The President's Emergency Plan for AIDS Relief (PEPFAR) understands the critical role of civil society, including homegrown community-based organizations, in our efforts to fight HIV/AIDS. As the U.S. Global AIDS Coordinator, I was pleased to announce recently that PEPFAR will provide $1.5 million to support global and regional civil society networks to provide technical support, strengthen collaborations, and build strong leadership and capacity in communities highly impacted by HIV.
Local civil society organizations are often closest to the communities most affected by HIV, and serve as essential bridges for these populations into prevention, treatment, and care. However, many local grassroots organizations are small and need help with the “how-to” aspects of service delivery. PEPFAR support will allow larger networks to expand their efforts to share technical and management expertise with these front-line organizations.
An engaged and supported civil society is an essential part of the move toward country ownership of effective national AIDS responses that save as many lives as possible. PEPFAR is also exploring long-term strategies for supporting the vital role of civil society and community-based organizations through our Partnership Frameworks and country plans, support for community systems strengthening in Global Fund grants, and ongoing dialogue with civil society and other donors.

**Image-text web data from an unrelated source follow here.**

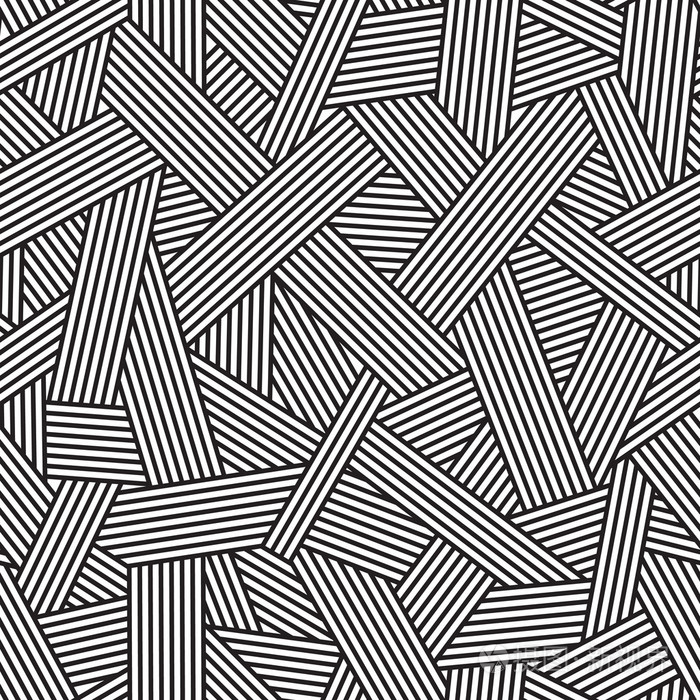 黑色和白色无缝模式,与交织线几何背景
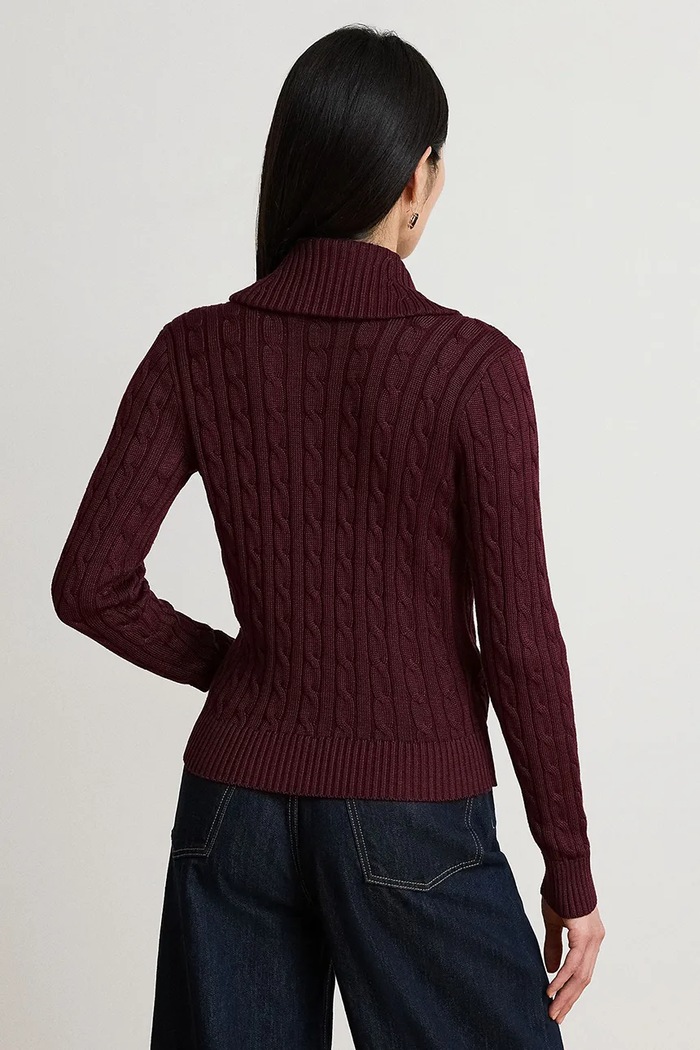 Lauren Ralph Lauren Sweter damski z bawełną 200P14042 bordowy AW26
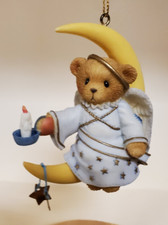 Cherished Teddies Angel Sitting Moon Hanging Ornament. Christmas. Holiday. 2000
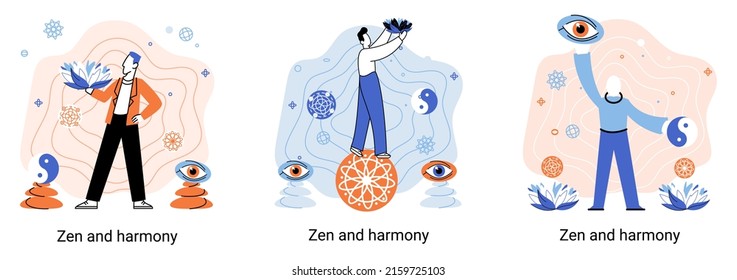 El zen y la metáfora de la armonía, la práctica de la meditación. Equilibrio, relajación, atención. Una persona tranquila relajándose. Yoga y práctica espiritual, relajación, recreación, estilo de vida saludable. Culto mental y corporal japonés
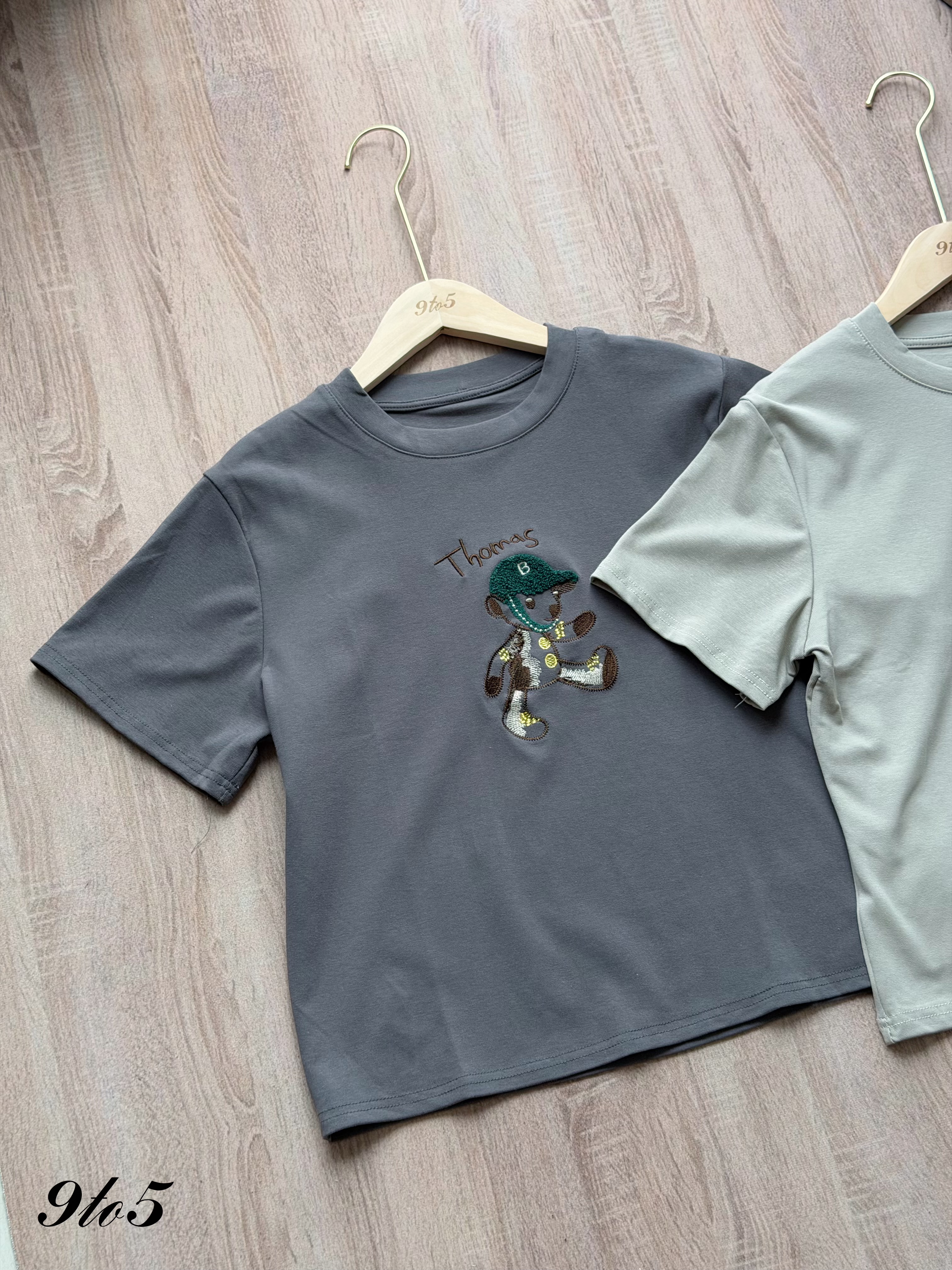 T4528 Embroidery Bear Tee - 4 Colors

Since the very beginning of the AIDS epidemic, civil society has been a leader in building solidarity among impacted communities in the response against HIV/AIDS. I joined this effort in 1981 as a physician at San Francisco General Hospital -- ground zero of the epidemic here in America. I recall how the gay community mobilized community-based efforts that became the foundation of the HIV response. These organizations showed us what humanity, dignity, care and compassion look like -- a response that has since been echoed around the world as AIDS has impacted millions of lives. We have seen mothers living with HIV reaching out to other mothers to provide support. We have seen churches demonstrating compassion and love as they provide care for persons living with HIV. We have seen youth educating their peers about HIV prevention and gender-based violence. Civil society has been essential to the response.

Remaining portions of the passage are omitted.